- WORK INSTRUCTION -
Below are records to return verbatim; the pictures are to be dropped.

- SOURCE DATA -
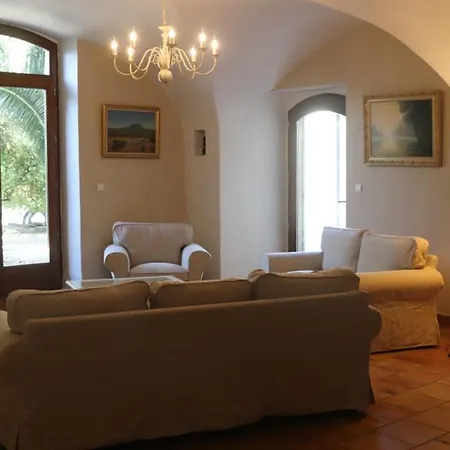Mas Provencale Datant De 1738 Avec Piscine Holiday home Saint-Paul-Trois-Chateaux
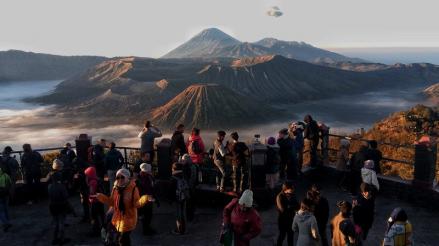 Macet Parah, 16.824 Wisatawan Padati Gunung Bromo Jelang Ditutup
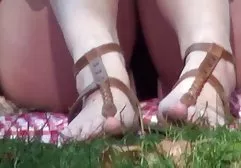 丝袜的纤细宝贝拉着大阴唇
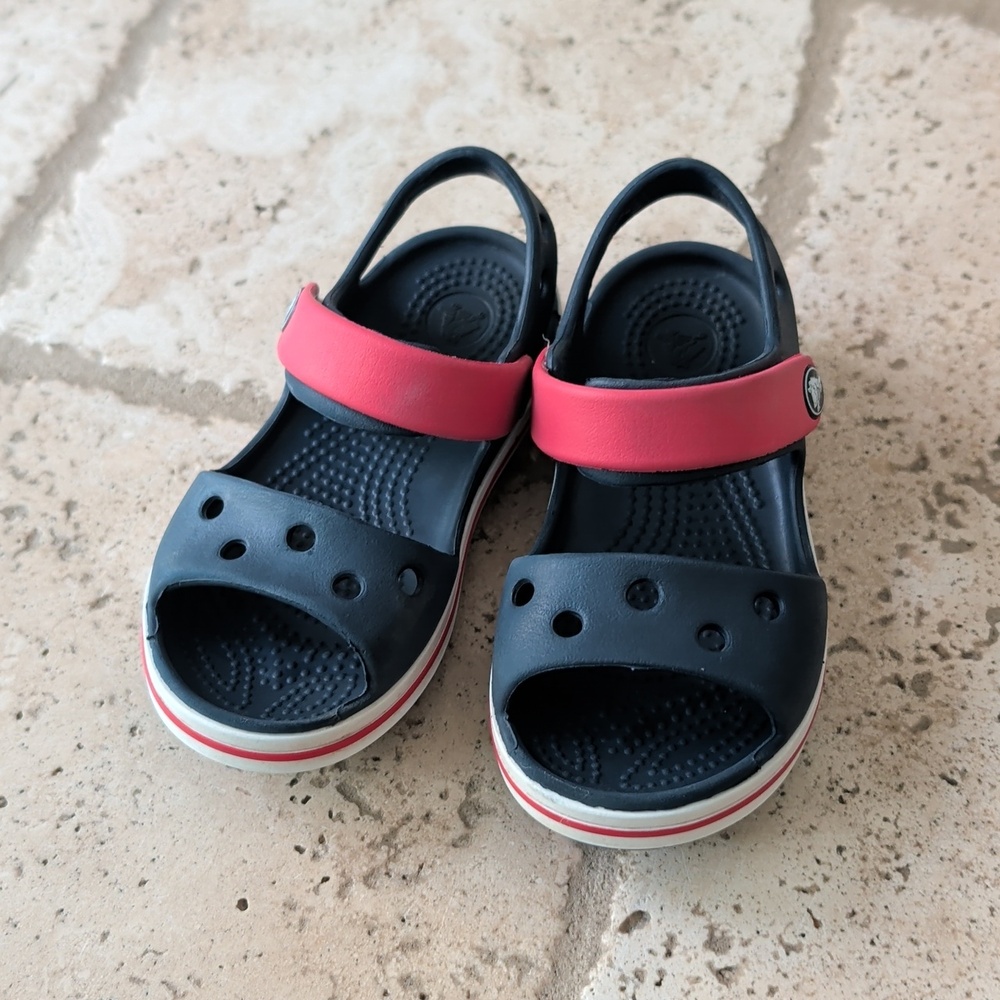 Kids Navy and Red Hook-and-Loop Sandals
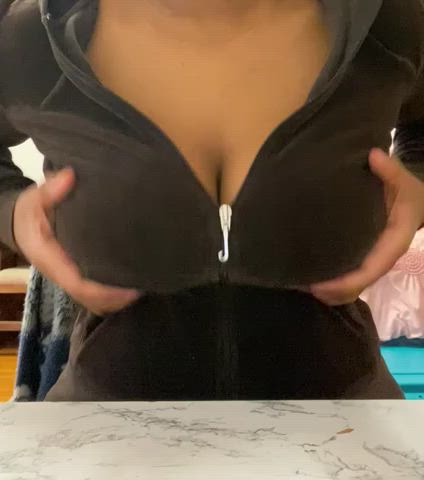 went braless today - free porn video
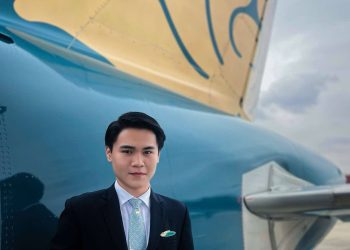 [Vietnam Airlines trong tôi là…] Chàng tiếp viên hàng không 22 tuổi và những chuyến bay đầu đời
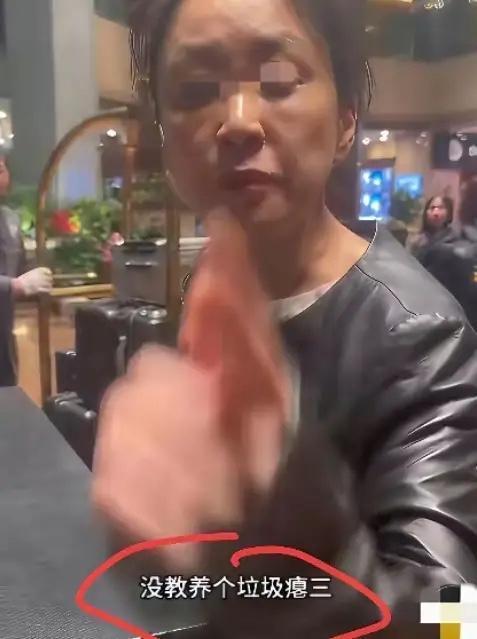 “丢上海人的脸了！”上海，一位妈妈带女儿住酒店时，到5楼健身房锻炼，中途轻声喊了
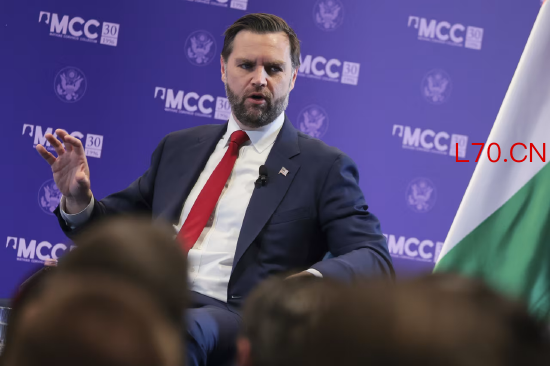 周三,美国副总统 JD・万斯在匈牙利布达佩斯的马蒂亚斯・科维努斯学院发表讲话。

- TASK OUTPUT -
Mas Provencale Datant De 1738 Avec Piscine Holiday home Saint-Paul-Trois-Chateaux
 Macet Parah, 16.824 Wisatawan Padati Gunung Bromo Jelang Ditutup
 丝袜的纤细宝贝拉着大阴唇
 Kids Navy and Red Hook-and-Loop Sandals
 went braless today - free porn video
 [Vietnam Airlines trong tôi là…] Chàng tiếp viên hàng không 22 tuổi và những chuyến bay đầu đời
 “丢上海人的脸了！”上海，一位妈妈带女儿住酒店时，到5楼健身房锻炼，中途轻声喊了
 周三,美国副总统 JD・万斯在匈牙利布达佩斯的马蒂亚斯・科维努斯学院发表讲话。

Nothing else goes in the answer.